Wednesday, September 15, 2010

'Stories'

Why are stories so appealing to most of us? I like what Lon Allison says about stories in “Going Public with the Gospel”: they are “the only containers big enough to carry truth, because stories convey not just the facts but also the feelings and nuances [shades] of truth. Stories are a bigger and better container for the whole of the truth than propositions, concepts and dogmas. Propositions are wonder when filled out by story, but abstract and skeletal when divorced from story.”
Stories are basic to us because, as Eugene Peterson puts it, life itself has a beginning and an end, plot and characters, conflict and resolutions. Life isn’t simply made up of generalizations such as love and truth, sin and salvation, atonement and holiness; life involves details that connect personally and specifically.
God reveals Himself to us not in an abstract formula or a bullet list but in the kind of stories that describe the journeys He takes people on throughout history.
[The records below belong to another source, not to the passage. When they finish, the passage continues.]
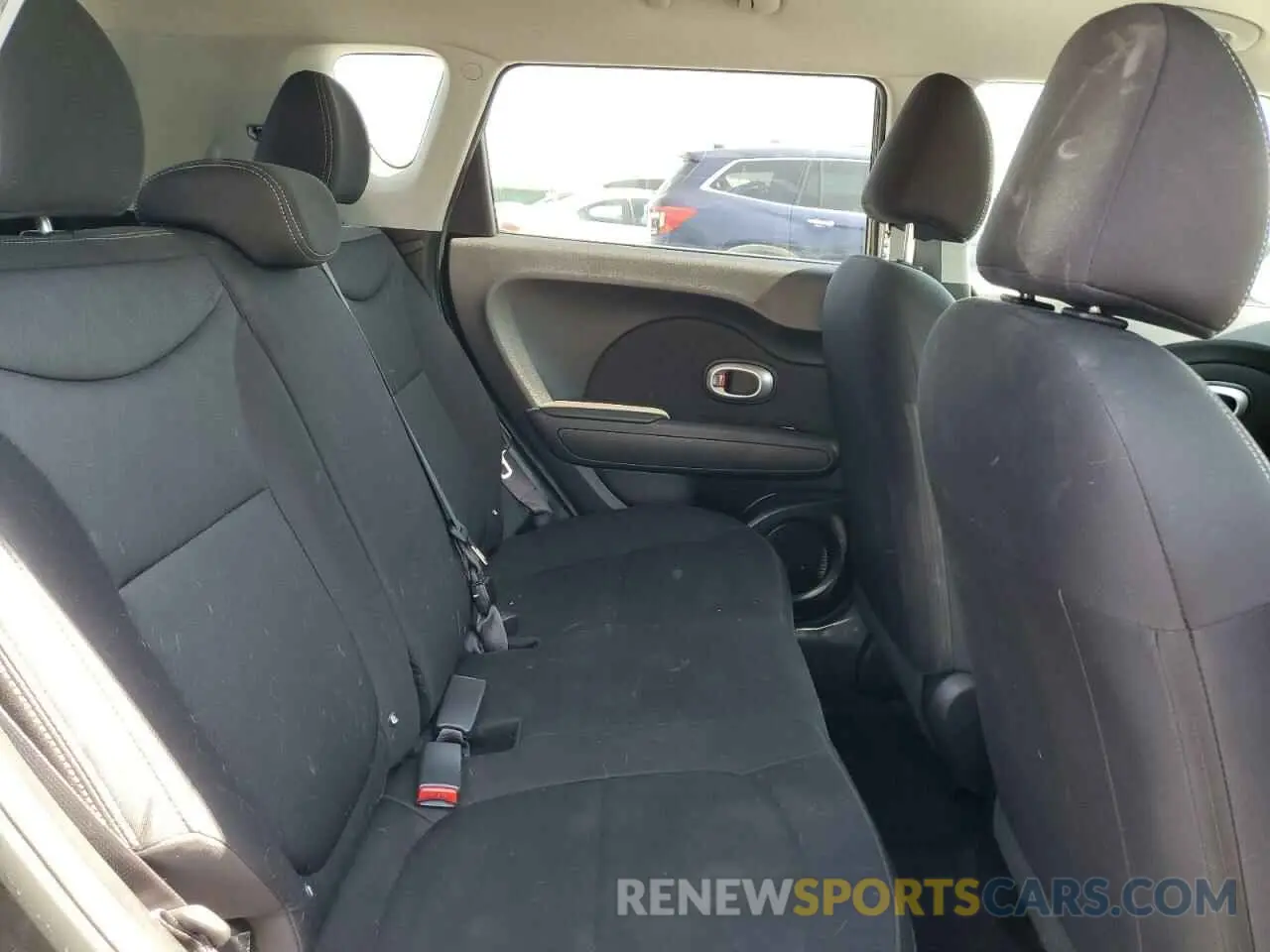 11 Photograph of a damaged car KNDJN2A23K7698566 KIA SOUL 2019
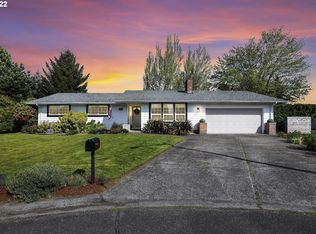 2304 E Alder Ln, Newberg, OR 97132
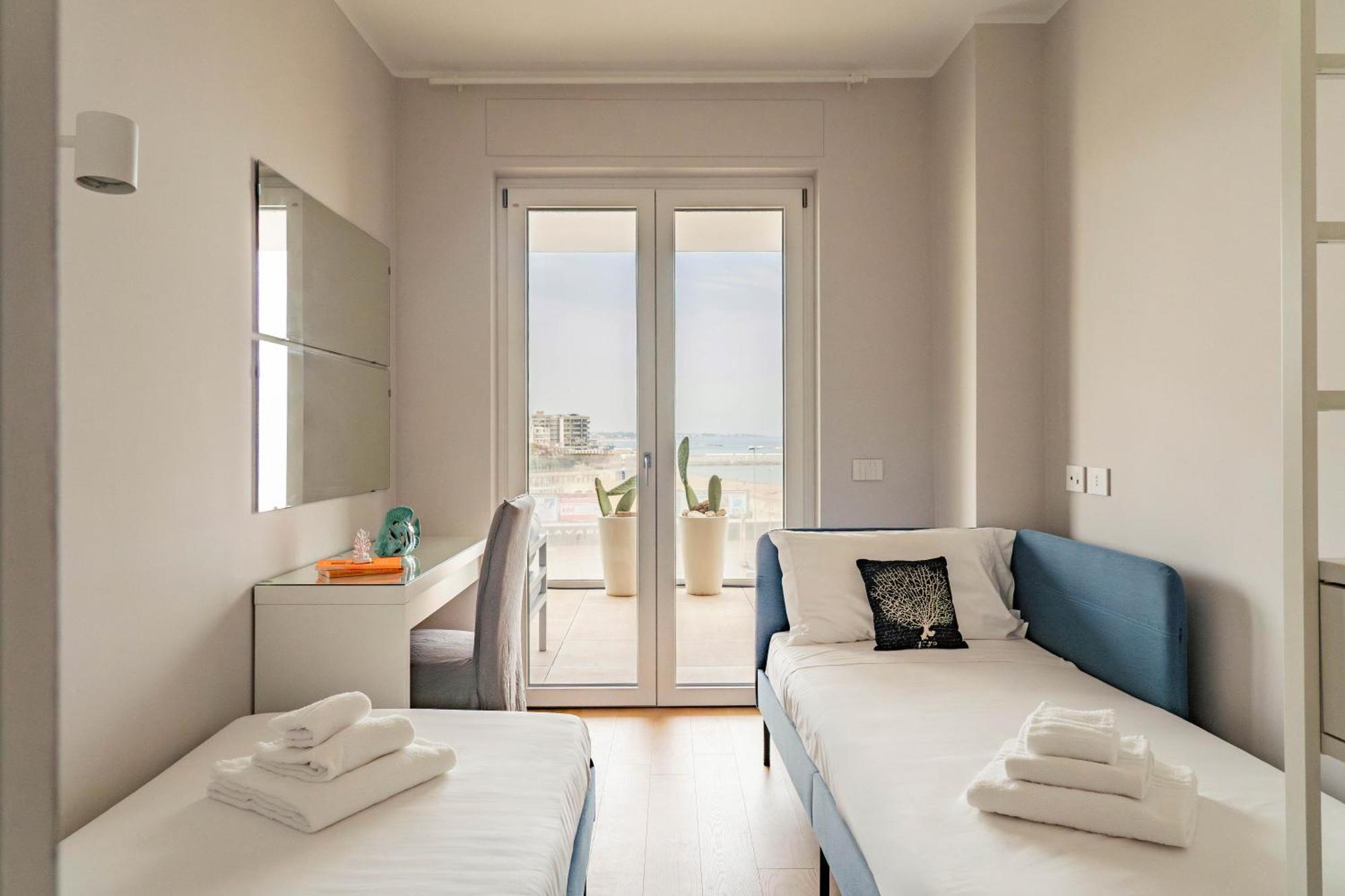 Palazzo Verdi Luxury Accomodation Бари Екстериор снимка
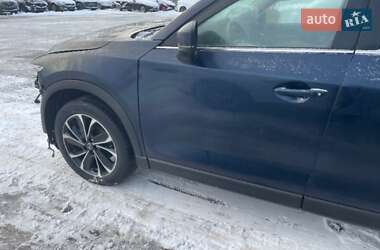 Позашляховик / Кросовер Mazda CX-5 2022 в 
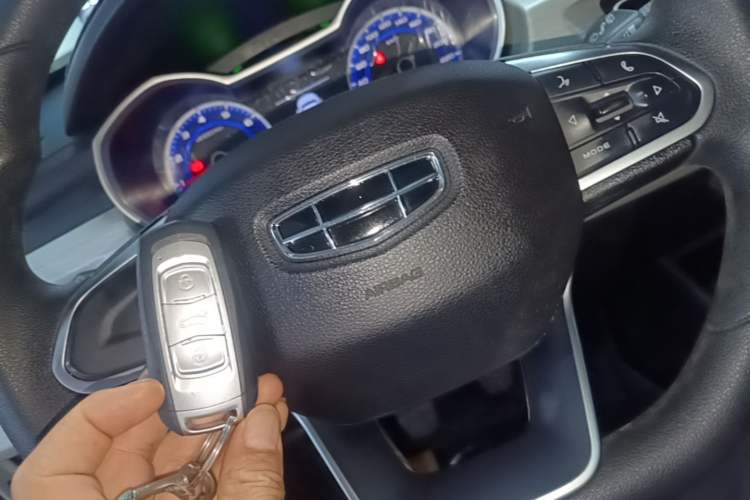 Used Geely Auto Emgrand X7 Sport 2021 Million Edition 1.8TD Manual Two-Wheel Drive Comfort Model Vehicle Key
Peterson points out in “Leap over a Wall: Early Spirituality for Everyday Christians” that “somewhere along the way we pick up bad habits of extracting from the Bible what we pretentiously call ‘spiritual principles’ or ‘moral guidelines,’ or ‘theological truths,’ and then corseting [covering] ourselves in them in order to force a godly shape on our lives.”
God gave us truth by telling stories that place truth not just in our heads but also deeply in our hearts. Only stories can speak to us in that level. ‘Thinking through the Bible’ is designed to lead us into thinking about ‘God’s Story’ from beginning to end so that as His Story develops it is lived out in the stories of our lives
Sarah Hinckley expresses in “Talking to Generation X” the state of her media-influenced generation: “We have every little inconsequential [trivial] thing, Nintendo 64s and homepages and cell phones, but not one important thing to believe in. What do you have left that will persuade us? One thing: the story. We are story people. We know narratives, not ideas. Our surrogate parents were the TV and the VCR, and we can spew out entertainment trivia at the drop of a hat… You’re wondering why we’re so self-destructive, but we’re looking for the one story with staying power, the destruction and redemption of our own lives. That’s to your advantage: You Christians have the best redemption story on the market.”
It is our prayer that ‘Thinking through the Bible’ will recapture for you a renewal of the ‘best’ story, ‘God’s Story’.